Content management began chiefly as a way of managing dynamic information that organizations placed on their web sites.  One might ask:  what possible difference is there between content management and information management?  Aren’t they the same thing?  In some ways they are. Both deal with documentation of one or more kinds. In other ways they are not. Information management and information systems, as noted earlier, tend to be inert objects. They house the documents produced by the organization, and possibly externally, in some logical manner. Content management is much more dynamic and aggressive. Content managers do not wait for documents to appear on their desks for proper filing. They are informed of or see needs within the organization or on the part of its clients for information that may not exist. They hunt it down. They make use of good graphics and other marketing skills to keep their internal and external customers coming back. While webmasters originally handled content management as well as technical tasks for the website, nowadays at least larger organizations have separated those jobs because different skill sets are needed and because they are both full time jobs.

 

Unlike more traditional information managers and records managers, content managers are regularly changing the content that is available on the web, again to draw and keep people interested and happy with the usefulness of what they are finding on the website. Everyone who manages a website knows that the owners of the website must constantly be changing the content in ways that keep the attention of internal and external customers’ attention. Otherwise, the website turns into a candidate for the Yellow Pages. People don’t ordinarily visit the same Yellow Pages entry more than once or twice.  One industry analyst group, the Aberdeen Group, states that content flow is as important as cash flow.

 

Interwoven, a supplier of CM products and major holder of market share in this field say:

 

Its content infrastructure product suite includes content aggregation, content collaboration, content management, content intelligence and content distribution.[41]

 

AIIM has established this definition for content management: 

 

The technologies used to create, capture, customize, deliver and manage enterprise content to support business processes.

 

Noticeably missing from these definitions are classification, preservation and disposition management.

 

As noted earlier, Filenet has described its own CM product (Panagon ECM™) in ways that help to understand how CM differentiates from other products. Some of those differentiators are listed below:

 

·        Content interchange utilizing XML capabilities for extracting and exporting metadata

·        Template-driven and HTML content authoring

·        Web content lifecycle management to maintain accurate and time-sensitive content

·        Process management and reporting

·        Web site staging and publishing to make exporting content to Web application servers significantly easier

·        Search feature enhancements to provide multi-library searching

 

Dynamic web content is one of the most significant ways in which organizations interact with clients and the public.
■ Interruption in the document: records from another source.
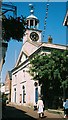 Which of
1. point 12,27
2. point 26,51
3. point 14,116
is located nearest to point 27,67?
point 26,51

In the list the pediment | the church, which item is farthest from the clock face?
the pediment

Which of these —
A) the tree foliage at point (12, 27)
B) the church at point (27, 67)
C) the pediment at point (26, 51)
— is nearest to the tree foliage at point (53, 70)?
Answer: the church at point (27, 67)

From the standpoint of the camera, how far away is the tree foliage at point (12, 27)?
9.58 m

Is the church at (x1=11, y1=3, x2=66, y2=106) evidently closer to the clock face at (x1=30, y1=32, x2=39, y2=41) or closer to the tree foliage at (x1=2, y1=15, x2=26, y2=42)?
the clock face at (x1=30, y1=32, x2=39, y2=41)

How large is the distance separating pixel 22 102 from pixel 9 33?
130 ft

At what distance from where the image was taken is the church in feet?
132

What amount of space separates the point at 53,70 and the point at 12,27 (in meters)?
21.7

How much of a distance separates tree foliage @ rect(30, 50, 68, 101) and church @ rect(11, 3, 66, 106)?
608 centimetres

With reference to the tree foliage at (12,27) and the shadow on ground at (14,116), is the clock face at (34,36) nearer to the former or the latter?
the shadow on ground at (14,116)

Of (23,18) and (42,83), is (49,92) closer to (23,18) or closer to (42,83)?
(42,83)

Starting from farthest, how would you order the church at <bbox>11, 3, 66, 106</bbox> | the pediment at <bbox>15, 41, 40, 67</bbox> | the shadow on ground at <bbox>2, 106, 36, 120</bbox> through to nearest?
the pediment at <bbox>15, 41, 40, 67</bbox>, the church at <bbox>11, 3, 66, 106</bbox>, the shadow on ground at <bbox>2, 106, 36, 120</bbox>

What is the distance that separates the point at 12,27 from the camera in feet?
31.8

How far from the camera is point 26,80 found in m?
46.7

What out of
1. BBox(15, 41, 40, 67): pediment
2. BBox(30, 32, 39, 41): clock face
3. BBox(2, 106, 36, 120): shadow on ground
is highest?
BBox(30, 32, 39, 41): clock face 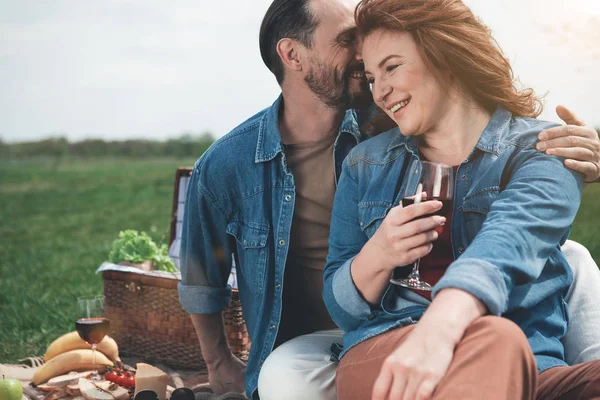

This heightens the necessity of ensuring that such content/records are properly captured and preserved in a trustworthy recordkeeping environment unless they have already been reflected in such an environment prior to being electronically published to guard against there being more up-to- date information on the website than exists in the record systems. The NHPRC-funded Syracuse study of federal and state websites found that, “Many agencies use disclaimers to state that the information on their websites is not the ‘official version.’ Despite these disclaimers, in-depth interviewing revealed multiple cases where record-quality materials appear uniquely in agency web postings…because agencies continually explore…modalities that no one anticipated even a few months ago.[42]

 

Conversely, as John Harney and others have noted, content managers are discovering the potential of organizational records and are ‘repurposing’ legacy information by filtering it and integrating it with other resources to meet new needs.[43] Geoff Moore addresses migration concerns as entities become integrated through mergers and acquisitions or simply through reorganizations. Existing content must be migrated into new websites or other information resources. For these reasons, and as CM technology and our understanding of KM have improved, the concepts underlying CM have been extended beyond website management to embrace intranets, extranets and actually information in all formats and data types. CM is no longer limited simply to websites.

 

Conclusion

 

While identifying some important ways in which current business practices – IM, KM, CM, RM, etc. – may be distinguished from one another, it is also evident that these concepts are not isolated from one another. Each one is more of an outgrowth of what came before it than an independent movement of its own. New concepts and technologies are being integrated with current practices to take business to the next higher level of operations. Using the same calculus, perhaps we will become better at envisioning ways in which gaps in current practices will foster new developments and lessen their negative recordkeeping impact.

 

Most business practices and technologies have consequences for the manner in which records are managed. Unless practices such as information management, knowledge management, and content management specifically provide for legitimate enterprise recordkeeping needs, ARM professionals should assume that such functionality is not provided and perhaps isn’t even intended. They should act to ensure that CIOs and other senior executives: appreciate that most recordmaking systems that support current business practices are not trustworthy recordkeeping systems; understand the risks such systems give rise to; and foster remedial actions to integrate recordkeeping requirements in organizational information and technology architectures and systems. Conversely, I hope this discussion will stimulate the adoption of advanced business concepts and technologies in ways that will contribute to improved recordkeeping solutions and more trustworthy recordkeeping environments.

 

© 2004 Richard E. Barry



[1] The term ‘archives and records management (ARM)’ is not commonly used in Australia and Europe where there is purportedly not the same bifurcation we have in the U.S between the management of so-called ‘current records’ and ‘permanent’ or ‘archival records’ as personified by records managers and archivists. Underlying is also the debate between advocates of the life-cycle records management (which advances distinctions between “current” and “archival” records) and the continuum approach (which fosters integration of recordkeeping at a broader recordkeeping environment level). My use of the term and the shorthand ‘ARM’ is not religious here, but rather is simply to make it clear that I am referring to professionals and programs associated with the management of all public and private records.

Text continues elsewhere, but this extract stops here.